Goldman a toujours du pain sur la planche. Avec son frère cadet, Robert, il continue à gérer les droits de sa production passée. Son fils aîné  Michael l’a rejoint. Une entreprise familiale en quelque sorte. Il y a de quoi être occupé. D’après certains spécialistes, ses droits génèrent deux millions d’euros par an. Il faut croire que ses années d’éco lui auront servi à quelque chose!  Si Jean Jacques est avant tout un artiste, il y a d’autres facettes à sa personnalité. Un stratège et un organisateur qui ne laisse rien au hasard. 

En 2016 Jean Jacques Goldman  prend une nouvelle fois tout le monde de court. Il part s’installer à Londres ! Les mauvaises langues voient leur clapet rapidement fermé. Non, il ne s’agit pas d’une évasion fiscale. Jean Jacques Goldman continue de payer ses impôts en France. Les fans les plus endurcis espèrent que son installation dans la capitale anglaise lui fera renouer avec la musique qui a bercé son adolescence. Et si au contact de cette ville qui a vu les Stones et les Beatles, Goldman retrouvait le goût de la musique ? Les paris sont ouverts…

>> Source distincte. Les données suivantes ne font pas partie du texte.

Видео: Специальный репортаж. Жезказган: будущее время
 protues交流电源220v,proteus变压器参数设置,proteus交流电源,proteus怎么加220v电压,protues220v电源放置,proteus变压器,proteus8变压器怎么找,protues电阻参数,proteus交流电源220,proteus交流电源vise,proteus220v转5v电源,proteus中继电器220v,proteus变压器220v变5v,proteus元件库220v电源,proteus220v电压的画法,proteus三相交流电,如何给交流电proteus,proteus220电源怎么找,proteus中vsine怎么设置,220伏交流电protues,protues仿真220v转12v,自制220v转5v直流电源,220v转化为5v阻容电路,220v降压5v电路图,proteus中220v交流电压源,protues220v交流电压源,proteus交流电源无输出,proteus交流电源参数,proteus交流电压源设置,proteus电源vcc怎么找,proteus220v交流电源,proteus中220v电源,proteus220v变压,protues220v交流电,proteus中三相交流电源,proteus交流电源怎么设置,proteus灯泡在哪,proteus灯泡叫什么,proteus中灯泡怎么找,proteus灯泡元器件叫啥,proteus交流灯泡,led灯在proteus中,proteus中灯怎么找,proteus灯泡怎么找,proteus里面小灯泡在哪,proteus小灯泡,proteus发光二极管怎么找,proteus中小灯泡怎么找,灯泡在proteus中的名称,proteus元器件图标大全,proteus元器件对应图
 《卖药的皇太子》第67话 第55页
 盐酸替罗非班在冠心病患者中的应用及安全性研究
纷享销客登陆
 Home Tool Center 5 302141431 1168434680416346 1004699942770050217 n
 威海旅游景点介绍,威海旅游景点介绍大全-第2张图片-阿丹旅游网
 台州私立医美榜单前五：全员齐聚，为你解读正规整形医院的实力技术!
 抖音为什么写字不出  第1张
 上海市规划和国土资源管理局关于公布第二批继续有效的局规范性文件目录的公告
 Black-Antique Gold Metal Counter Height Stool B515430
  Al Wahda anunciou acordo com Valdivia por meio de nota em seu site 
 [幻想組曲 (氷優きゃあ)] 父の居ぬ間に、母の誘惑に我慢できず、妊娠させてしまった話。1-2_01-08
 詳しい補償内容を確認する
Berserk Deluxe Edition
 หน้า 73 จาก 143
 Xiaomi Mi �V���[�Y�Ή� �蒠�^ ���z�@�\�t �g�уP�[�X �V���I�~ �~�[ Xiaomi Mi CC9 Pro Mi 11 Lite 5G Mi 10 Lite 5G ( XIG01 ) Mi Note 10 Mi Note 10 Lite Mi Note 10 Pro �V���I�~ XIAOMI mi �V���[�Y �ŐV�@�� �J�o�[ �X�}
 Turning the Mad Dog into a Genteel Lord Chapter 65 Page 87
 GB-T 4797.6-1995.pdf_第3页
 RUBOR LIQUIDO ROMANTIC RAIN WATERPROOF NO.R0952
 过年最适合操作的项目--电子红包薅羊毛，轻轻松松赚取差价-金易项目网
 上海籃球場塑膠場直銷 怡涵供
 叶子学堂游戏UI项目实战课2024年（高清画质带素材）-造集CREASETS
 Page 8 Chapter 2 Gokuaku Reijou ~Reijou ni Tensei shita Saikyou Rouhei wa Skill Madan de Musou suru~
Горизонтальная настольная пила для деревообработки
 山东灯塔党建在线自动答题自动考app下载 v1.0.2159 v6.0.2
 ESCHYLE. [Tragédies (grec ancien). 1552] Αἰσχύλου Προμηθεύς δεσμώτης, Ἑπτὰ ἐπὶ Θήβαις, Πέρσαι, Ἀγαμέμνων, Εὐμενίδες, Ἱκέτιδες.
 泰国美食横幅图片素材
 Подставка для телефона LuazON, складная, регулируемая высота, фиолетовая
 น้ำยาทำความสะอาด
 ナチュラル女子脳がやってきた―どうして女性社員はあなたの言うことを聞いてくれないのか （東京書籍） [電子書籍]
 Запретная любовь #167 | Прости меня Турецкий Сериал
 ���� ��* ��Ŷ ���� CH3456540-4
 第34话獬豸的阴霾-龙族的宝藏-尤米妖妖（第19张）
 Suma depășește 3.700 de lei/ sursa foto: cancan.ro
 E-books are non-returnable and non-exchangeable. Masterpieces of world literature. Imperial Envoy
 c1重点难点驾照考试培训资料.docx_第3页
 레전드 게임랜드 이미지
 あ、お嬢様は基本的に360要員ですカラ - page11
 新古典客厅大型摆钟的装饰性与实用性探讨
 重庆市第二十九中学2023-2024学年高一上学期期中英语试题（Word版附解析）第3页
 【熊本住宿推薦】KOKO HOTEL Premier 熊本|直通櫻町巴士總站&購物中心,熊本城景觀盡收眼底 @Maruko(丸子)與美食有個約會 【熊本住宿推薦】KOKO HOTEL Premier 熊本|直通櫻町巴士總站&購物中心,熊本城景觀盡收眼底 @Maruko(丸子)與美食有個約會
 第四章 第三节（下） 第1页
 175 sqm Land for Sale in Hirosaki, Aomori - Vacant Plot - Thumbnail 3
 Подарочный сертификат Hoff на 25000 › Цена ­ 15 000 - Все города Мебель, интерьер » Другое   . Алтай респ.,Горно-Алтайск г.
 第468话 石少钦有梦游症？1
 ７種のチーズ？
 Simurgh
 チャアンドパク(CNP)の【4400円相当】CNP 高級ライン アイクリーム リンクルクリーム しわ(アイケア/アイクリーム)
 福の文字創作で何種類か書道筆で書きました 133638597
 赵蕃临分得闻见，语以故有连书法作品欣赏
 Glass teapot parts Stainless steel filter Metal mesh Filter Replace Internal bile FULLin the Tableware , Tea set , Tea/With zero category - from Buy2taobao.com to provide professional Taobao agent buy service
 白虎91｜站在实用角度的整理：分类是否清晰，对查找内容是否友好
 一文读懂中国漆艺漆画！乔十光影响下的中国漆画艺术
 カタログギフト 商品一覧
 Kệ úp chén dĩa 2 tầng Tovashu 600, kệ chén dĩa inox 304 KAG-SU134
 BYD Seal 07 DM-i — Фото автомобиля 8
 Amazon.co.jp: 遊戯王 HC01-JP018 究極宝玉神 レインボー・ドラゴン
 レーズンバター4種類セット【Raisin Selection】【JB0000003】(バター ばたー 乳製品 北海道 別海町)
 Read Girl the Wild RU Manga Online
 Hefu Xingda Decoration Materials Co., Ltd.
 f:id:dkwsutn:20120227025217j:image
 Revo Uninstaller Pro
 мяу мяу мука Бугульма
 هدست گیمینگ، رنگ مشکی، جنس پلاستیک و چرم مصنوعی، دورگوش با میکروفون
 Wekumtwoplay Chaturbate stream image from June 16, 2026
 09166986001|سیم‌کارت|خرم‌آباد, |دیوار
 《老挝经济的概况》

Qu’il se remette ou non à chanter, Goldman aura marqué son époque. Ne parle-t-on pas de génération Goldman ? Et sa popularité s’étend au-delà. Il a été élu à plusieurs reprises personnalité préférée des français.

Jeunes, vieux… Ses chansons continuent de résonner dans l’inconscient collectif. 

Goldman a su imposer une musique, un style à jamais ancrés dans nos mémoires. Sa création est devenue un véritable monument. En 2013 les paroles de sa  chanson « là-bas » sont même présentes dans l’épreuve de français du bac professionnel. 

Un paradoxe  quand on pense qu’au cours de sa prolifique carrière, Jean Jacques Goldman n’a reçu qu’une récompense musicale. 

Mais les honneurs officiels sont bien peu de choses lorsqu’on a conquis le cœur de tout un pays.